En Argentine, dans les années 1990, le mouvement des piqueteros, qui étaient des précaires en lutte contre le néolibéralisme équipés de bâtons, a bloqué les autoroutes à de nombreuses reprises. En paralysant les flux, les piqueteros ont gagné en visibilité et en rapport de force en bloquant l’économie. Mais contrairement à la France, il ne s’agissait pas de blocages ponctuels : ils occupaient réellement les routes du pays, notamment près de Buenos Aires, pendant plusieurs jours voire semaines d’affilée.
En effet, en 2001, lors de la crise économique qui a frappé l’Argentine, ces blocages se sont installés dans la durée. Comment ça se passait concrètement ? Les piqueteros venaient en famille, mangeaient, jouaient au foot, creusaient les routes. Et que peut faire la police ? Gazer une quatre voies ? Cela ne débloque rien mais déplace juste l’occupation. Ce n’est pas comme une manifestation en ville, que la police arrive toujours à disperser à force de charges et de grenades dans des rues qu’elle connaît bien.

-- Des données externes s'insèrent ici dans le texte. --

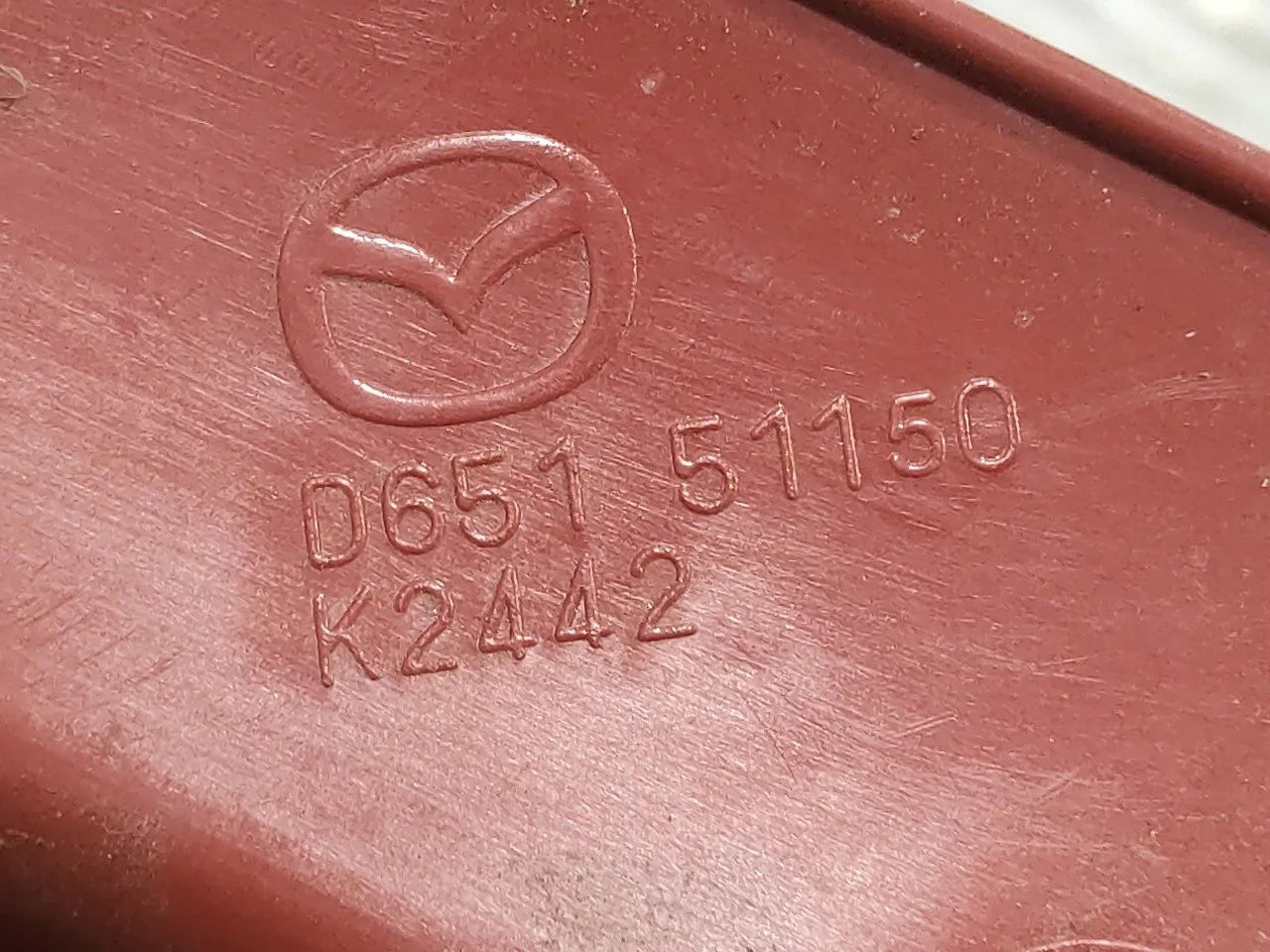Piloto Trasero Derecho para Mazda 2 Lim. (De)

Nous avons la chance d’avoir une date coordonnée : le 10 septembre. Imaginons des milliers de personnes sur TOUS les périphériques de France. Toutes les grandes villes bloquées, l’économie à l’arrêt. Pas une heure ou deux. Non. La journée entière, pour commencer. Et pourquoi pas de grands banquets populaires sur les routes ?
Concrètement, le mouvement du 10 septembre s’installerait, amènerait des canapés et des tables, on pourrait jouer au foot ou au badminton sur l’asphalte. Et pourquoi pas des concerts ? Des fêtes pour alimenter les caisses de grève ? La police arrive ? Que peut-elle faire face à 10.000 personnes sur une 4 voies ? On se défend, on se déplace, on revient, on évite les arrestations. Autant de fois que nécessaire. Jusqu’à satisfaction des revendications.

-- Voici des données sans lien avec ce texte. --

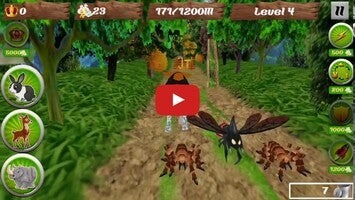 Video gameplay Jungle Transform Runners 1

Il est possible de se relayer sur place pour tenir, d’approvisionner le blocage. De rester aussi longtemps qu’il le faut. Un périphérique à l’arrêt, ce sont des bouchons monstres dans la ville, mais surtout des millions de personnes qui ne vont pas bosser et des centres commerciaux inaccessibles. Donc des millions d’euros de perte sèche par jour et par ville.

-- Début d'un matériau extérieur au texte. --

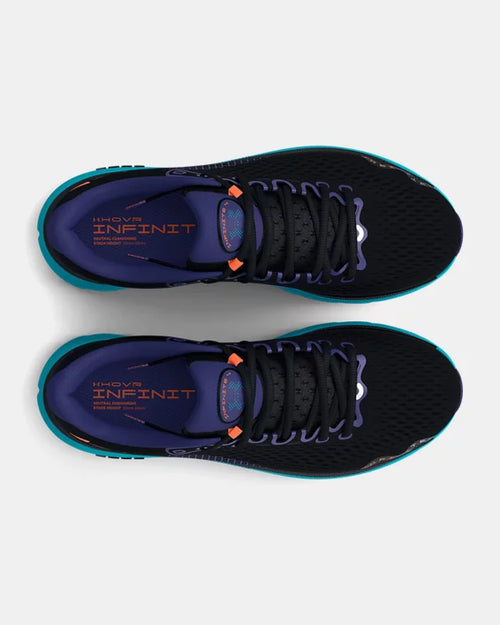Under Armor UA HOVR™ Infinite 4 - Black/Blue/Orange - Footkorner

Ce serait une nouvelle forme de lutte à mettre en place, un mode d’action supplémentaire qui ne serait ni un combat individuel du genre «Je ne fais pas de courses ce jour là», ni un affrontement rituel, ni un défilé inoffensif. Tout cela ne peut marcher qu’à deux conditions : si ces blocages sont coordonnés, car la police ne peut pas débloquer des dizaines de périphériques en même temps, et durables, pour avoir un véritable impact sur l’économie.
Le pouvoir est logistique. Si les flux s’arrêtent, il est foutu.